BY U.S. REPRESENTATIVE STEVE COHEN AND MICHAEL SHANK
This article was originally published in Fast Company.
Forget, for a moment, the environmental implications that come with undercutting an unprecedented climate commitment by the international community, such as beach erosion, the loss of coastal cities, famine-causing droughts, and more severe storms. Forget the diplomatic consequences that come with not joining this historic deal-making and unparalleled consensus. Forget the security repercussions that come with ignoring the biggest climate security threat to humanity. Forget even the moral or humanitarian reasons for getting on the right side of history here.
Take only the business and economic argument, one President Trump should have little difficulty understanding or appreciating. On this argument alone, the Paris process was a substantive win, and to willfully unwind it is fiscally irresponsible.
First, the Paris climate agreement meant that governments, including and especially the U.S. federal government, could start shedding some of the $5.3 trillion that they’re shelling out to subsidize the negative externalities associated with fossil fuels, such as health care costs from exposure to pollution. The International Monetary Fund notes that a whopping 6.5% of the GDP is spent propping up fossil fuel industries and cleaning up pollutants, money that could, instead, fix aging infrastructure in the U.S., for example. Furthermore, with 6.5 million people dying every year from air pollution, as noted by the International Energy Agency, lost lives equates to lost economic productivity. One purpose behind Paris was to prevent these mounting mortality rates, and their associated costs, and keep alive as many productive members of society as possible. Any economist could understand the cost-benefit analysis here.
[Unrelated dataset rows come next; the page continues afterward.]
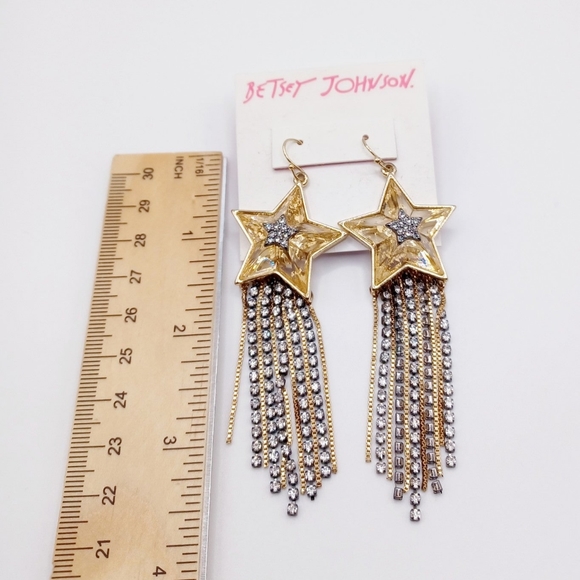 Betsey Johnson Gold Tone Celestial Punk Crystal Star Fringe Rhinestone Earrings - Picture 4 of 5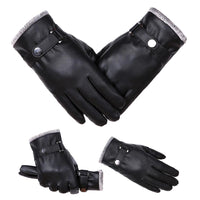 New Retro Thickened PU Leather Winter Warm Gloves - sparklingselections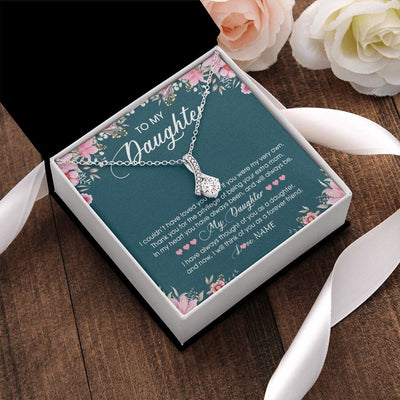 Alluring Beauty Necklace | Personalized To My Daughter Necklace From Mom Mother Flower Will Forever Friend Daughter Birthday Christmas Graduation Customized Gift Box Message Card | siriusteestore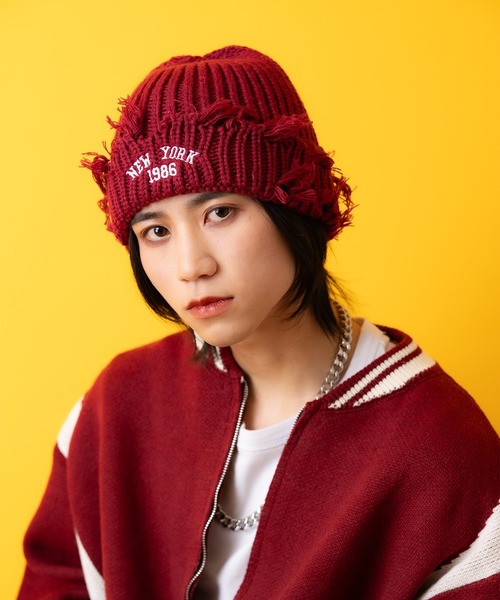 ankoROCK ニット帽 ニットキャップ an meets zakka NEW YORKロゴ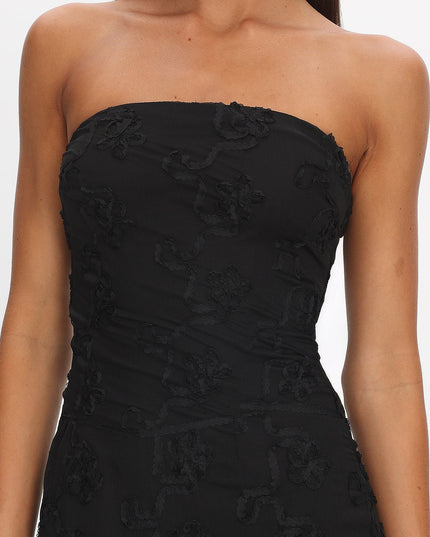 Black Strapless Lace Maxi Dress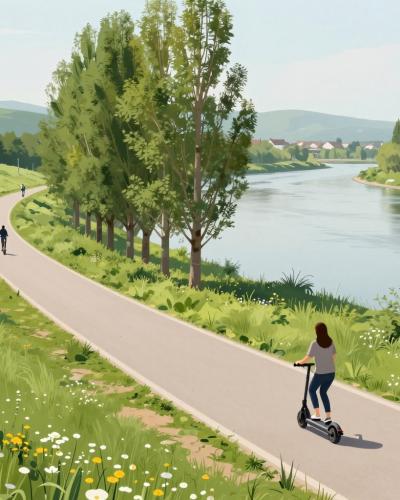AI-generated illustration of e-bike and e-scooter rentals in Čatež, riders on a riverside path in the Lower Sava Valley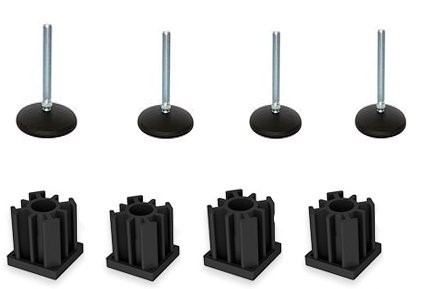 M10x50 zinc foot with 80mm, base + inserts 30x30x1.5mm -Set of 4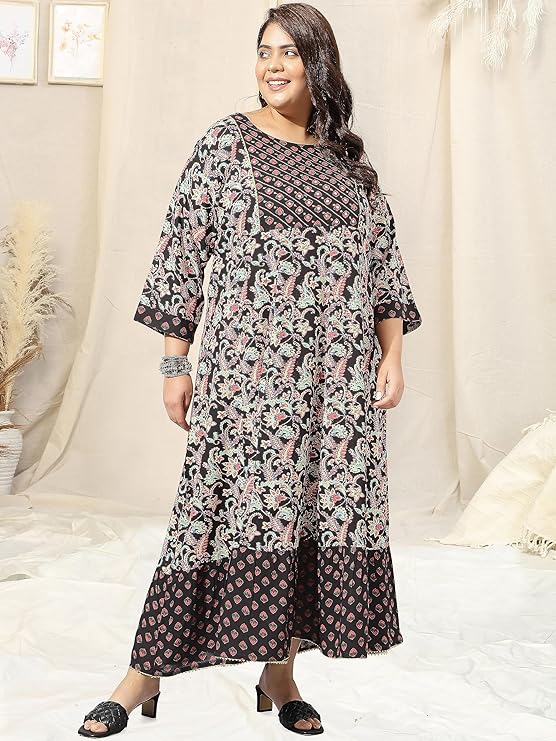Women's Black Floral Printed Flared Maxi Dress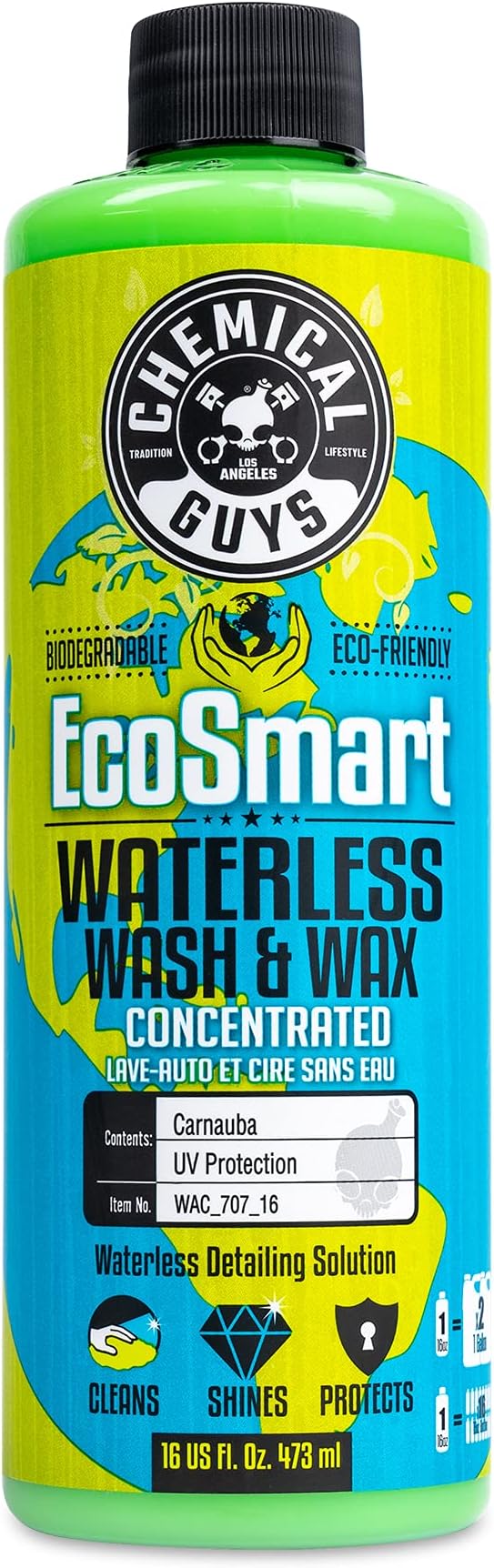 WAC_707_16 EcoSmart Hyper Concentrated Waterless Car Wash and Wax, Safe for Cars, Trucks, SUVs, Motorcycles, RVs & More, 16 fl oz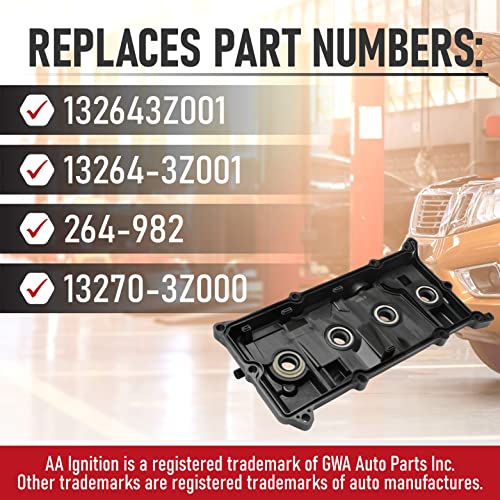 Replacement Engine Valve Cover With Gasket - Compatible With Nissan Altima And Sentra L4 2.5L 2002-2006 - Replaces 132643Z001, 13264-3Z001, 264-982, 13270-3Z000 - Pcv Valve Cover Tube Seals Gasket Set #TOP2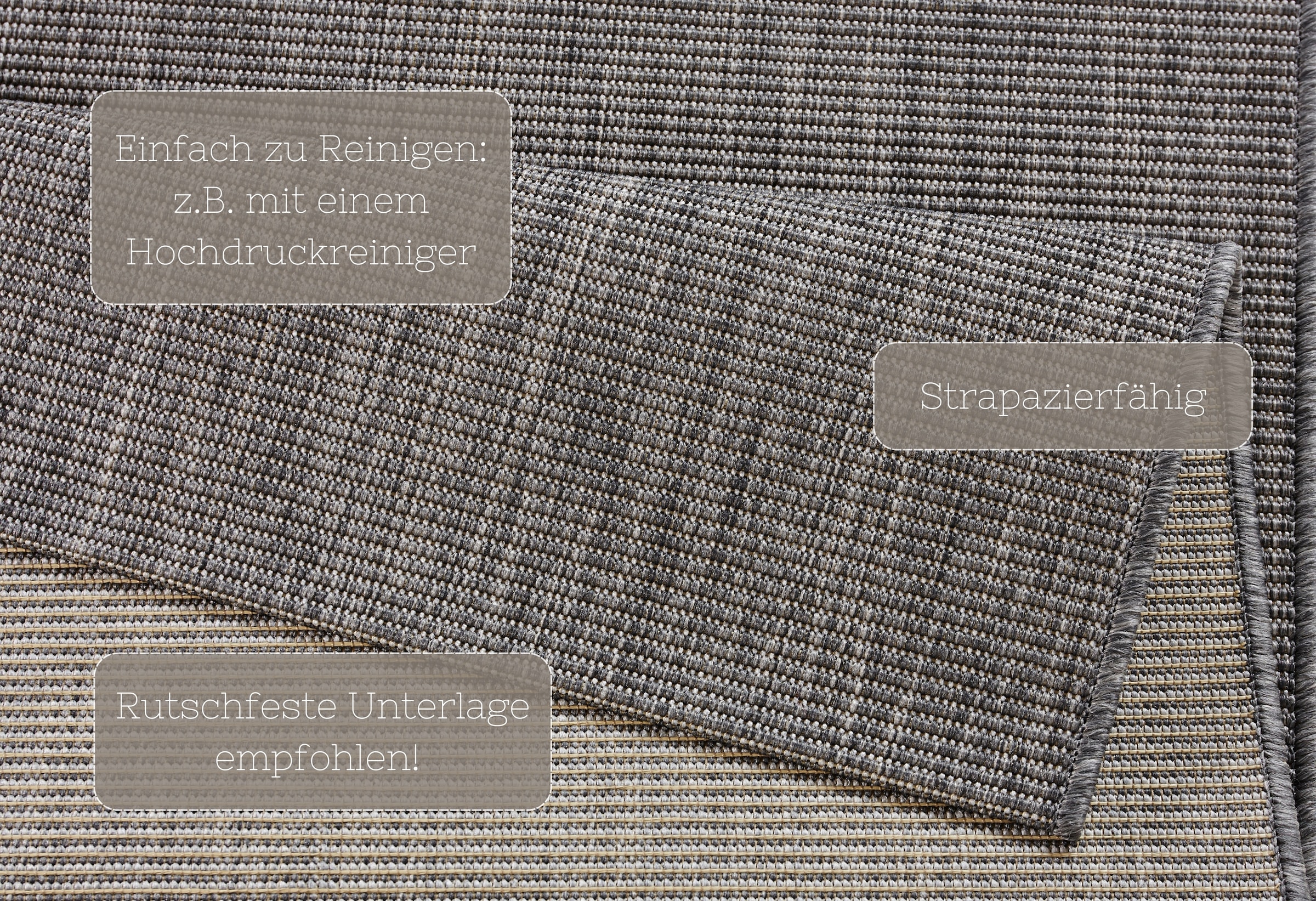 NORTHRUGS Teppich »Match«, rechteckig, 8 mm Höhe, In-& Outdoor, Kurzflor, Läufer, Modern, Unifarben, Wohnzimmer, Balkon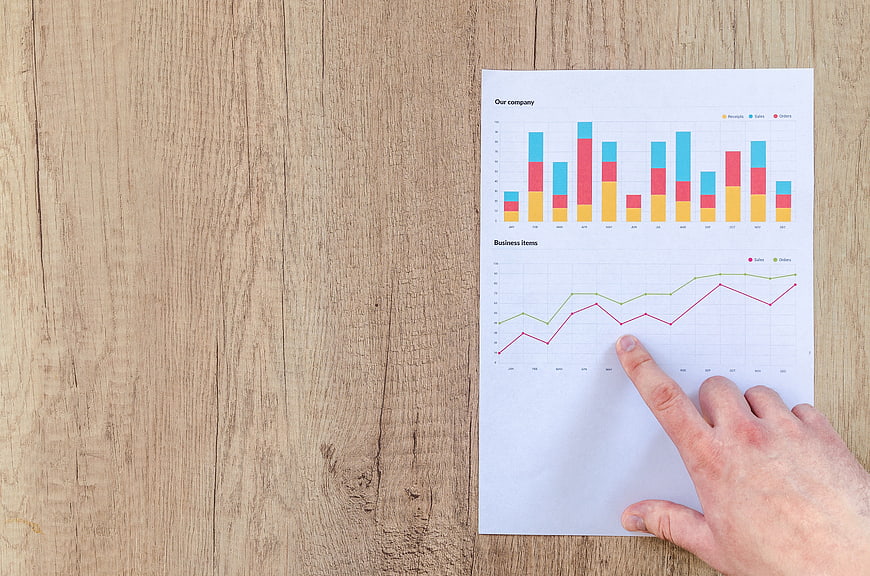 Hand pointing at business growth charts on wooden desk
Second, the Paris deal meant that American businesses could proceed apace with additional investments in renewable energy, doubling down on global market assurance. In the U.S., clean energy growth already outpaced fossil fuel growth last year, adding 22 GW of capacity from renewable sources, while global renewable energy investments topped $287.5 billion. Solar and wind installations also set a record high, as prices dropped precipitously. This year, investment in clean energy has already reached $53.6 billion in the first quarter and will continue to rise as China and European Union nations ratchet up renewable portfolios and shutter fossil fuel infrastructure.The Paris accord, and the market trends it guarantees, is making this boon possible and could further profit American corporate pocketbooks. However, we’re currently outpaced by Chinese investors. In the last year, the U.S. installed just over 8 GW of new wind capacity (witnessing double-digit growth annually over the last five years), second only to China, which installed roughly three times that amount, at 23.4 GW (or 42% of the market). And this is just new capacity. The totals are more telling. China has installed over 168,000 MW of wind, roughly double America’s 82,000 MW. China is also besting us on solar: It doubled its capacity in 2016. Now, China is the largest solar energy producer anywhere. And it’s not stopping. The country, which remains committed to the Paris process, is planning on investing $364 billion into renewable energy generation in the next three years. While China dominates the market share of the business opportunity here, the U.S. government is getting out of the game. What a lost opportunity.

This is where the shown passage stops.